TL;DR: SpamAssassin is hard to setup and train correctly (just like the rest of a server's mail-stack). However, once you get over this part, the results can be as good as gmail's.
> I've received no spam messages outside of those.
How protective are you of your email address? My email is posted all over the internet, but I haven't seen spam in gmail for at least 6 months--probably longer.
I have a huge spam problem with gmail. Someone sold my email + first name. Googles spam filters are simply powerless if you include a first name in the email. I've reported these as spam (several a day) for months at this point.
> Googles spam filters are simply powerless if you include a first name in the email
I think you're going to have to look elsewhere for a cause. Someone (probably several someones) sold out my email and first and full name. Gmail has no problem correctly categorizing all sorts of spam addressed to me by name.
I may have an explanation for that. Gmail is very good at detecting waves of spam mails while the wave is being sent out. Basically, a (bunch of) hacked server(s) start sending SPAM mails. After some messages google realizes that these servers have been hijacked and starts rejecting mails from them.
If your address happens to be among the first of the spammer's list, you will be hit by these emails. Otherwise when they send to your address google has already stopped accepting mails from that (those) ip(s) and you don't receive anything.
It looks like enjo's address comes way before than yours...
Whatever the cause is, it's still Google's fault/problem.
I too have a big gmail spam problem (related to my email address being very short and guessable), and mark as spam on average about 10-20 emails a day.
Err... because Google's spam filter is letting the message in? Seriously, it is a spam message, delivered to Google, and Google put it in the inbox instead of the spam filter. I don't know how much more clear cut it could be.
I have a special "don't care" mail account whose mails are delivered to its own folder (included in the shown stats). I do get a spam message in that folder very occasionally (as in once per month), but it's really far off from becoming annoying.
... and on top of all that is the simple fact that gmail is backed by a very robust infrastructure and supported by company that's very unlikely to go out of business anytime soon. [You can make jokes about Google reader etc, but gmail is far too important to Google's public image to make that a reasonable concern.]
Together with the very decent UI, great spam handling, and free space, this makes gmail a pretty good choice for a lot of people.
Even with a good free version of the software, duplicating the entire package is a huge task ...
> On the other hand, no product (open source or not) should optimize for the outliers (not to be confused with edge cases).
I think (hope!) there's room for niche products.
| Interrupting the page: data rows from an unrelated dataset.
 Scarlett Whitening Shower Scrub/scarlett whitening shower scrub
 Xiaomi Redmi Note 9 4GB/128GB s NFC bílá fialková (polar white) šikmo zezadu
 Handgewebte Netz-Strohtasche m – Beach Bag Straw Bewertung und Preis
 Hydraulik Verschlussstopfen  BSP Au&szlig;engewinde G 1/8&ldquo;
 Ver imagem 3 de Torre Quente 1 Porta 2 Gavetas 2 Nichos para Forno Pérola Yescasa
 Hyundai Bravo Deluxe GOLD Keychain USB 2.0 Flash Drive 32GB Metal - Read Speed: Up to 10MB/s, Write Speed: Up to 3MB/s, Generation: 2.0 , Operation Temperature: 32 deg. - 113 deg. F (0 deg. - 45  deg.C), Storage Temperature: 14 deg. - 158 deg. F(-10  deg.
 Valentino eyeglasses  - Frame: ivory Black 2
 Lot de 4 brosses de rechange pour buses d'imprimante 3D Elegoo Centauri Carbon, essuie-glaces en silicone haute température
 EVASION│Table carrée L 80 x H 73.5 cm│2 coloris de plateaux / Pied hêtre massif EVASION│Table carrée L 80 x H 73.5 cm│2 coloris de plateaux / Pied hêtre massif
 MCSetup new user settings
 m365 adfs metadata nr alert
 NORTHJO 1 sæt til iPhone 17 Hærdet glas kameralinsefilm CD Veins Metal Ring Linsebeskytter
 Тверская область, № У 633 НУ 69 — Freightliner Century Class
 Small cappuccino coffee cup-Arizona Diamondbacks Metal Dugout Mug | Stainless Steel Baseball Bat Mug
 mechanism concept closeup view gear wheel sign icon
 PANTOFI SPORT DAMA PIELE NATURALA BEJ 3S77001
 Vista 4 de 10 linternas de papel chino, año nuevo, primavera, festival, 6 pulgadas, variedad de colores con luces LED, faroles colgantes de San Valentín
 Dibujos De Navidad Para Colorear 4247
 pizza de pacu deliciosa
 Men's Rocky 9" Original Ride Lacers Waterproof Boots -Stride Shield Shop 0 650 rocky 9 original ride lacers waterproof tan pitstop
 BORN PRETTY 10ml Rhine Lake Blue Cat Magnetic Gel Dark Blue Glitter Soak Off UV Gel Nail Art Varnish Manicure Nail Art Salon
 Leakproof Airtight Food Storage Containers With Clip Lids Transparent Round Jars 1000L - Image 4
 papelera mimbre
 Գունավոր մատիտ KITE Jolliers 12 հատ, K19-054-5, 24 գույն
I would never try to make an email client "for everyone". All the ones I've tried are crap (because they're "for everyone").
If you'd said: define your market and optimize for that - then I'd agree. But to not aim for a niche if you're doing a small project sounds just crazy (and wrong).
Search is my biggest issue too. I switched out of gmail to my self-hosted server using roundcube and searching through IMAP is excruciatingly slow compared to gmail, even after I moved the mailboxes to an SSD.
I am not sure whether this is a limitation on the IMAP protocol, but I suspect a proper replacement to gmail might involve coding a new mailbox backend and protocol.
I may be wrong, but I believe IMAP, the protocol, just defines how IMAP clients/servers should issue and respond to search commands, but doesn't deal with mail indexing and things like that.
Cyrus IMAP, which I use, provides Squatter, which substantially speeds up search, but the IMAP client is still the interface. Performance I get is around a sec for a simple query, a few sec for a more complex one against a folder with 20K messages.
Last I checked, Roundcube had very limited search capabilities. Thunderbird is much better, but I'd prefer a terminal based search. Something like SQL. Does anyone know of a tool like that?
Add to that the speed. Roundcube looks pretty good, even Horde's could make a cut GUI-wise (judging by screenshots from the latest versions), but they both lag in the speed department, comparing to GMail or Fastmail.
For me, nothing; the huge thing about Gmail is it works flawlessly from my Android phone. No IMAP solution came close. These days I read most of my mail on the phone.
Once I was in a long check-in line at the airport. Silly me, I figured I wouldn't check in at home because I had to check bags. At the airport I got on my phone, pulled up the confirmation email, checked in, and went to the bag drop line. With the clumsiness of IMAP and dealing with it on phones I would never have managed to do this if I was hosting my own mail, and even if I had managed to do it, the cost would have been the hours and the hassle of maintaining mail.
It was at that moment that I realized I would never host my own mail again. Just not worth it.
The insufficiency of the alternative spam solution is what I was afraid of. =/ It's easy to forget how awesome Gmail's spam filter is when you get spam in your inbox so rarely that you almost forget it exists at all.
I keep saying that Google could make a mint if they licensed an API for it. They probably just don't want to bother and would prefer that they keep its talents exclusive to Gmail. Also, I suppose that the people who'd want to utilize it would be leery of running their mail through Google's servers.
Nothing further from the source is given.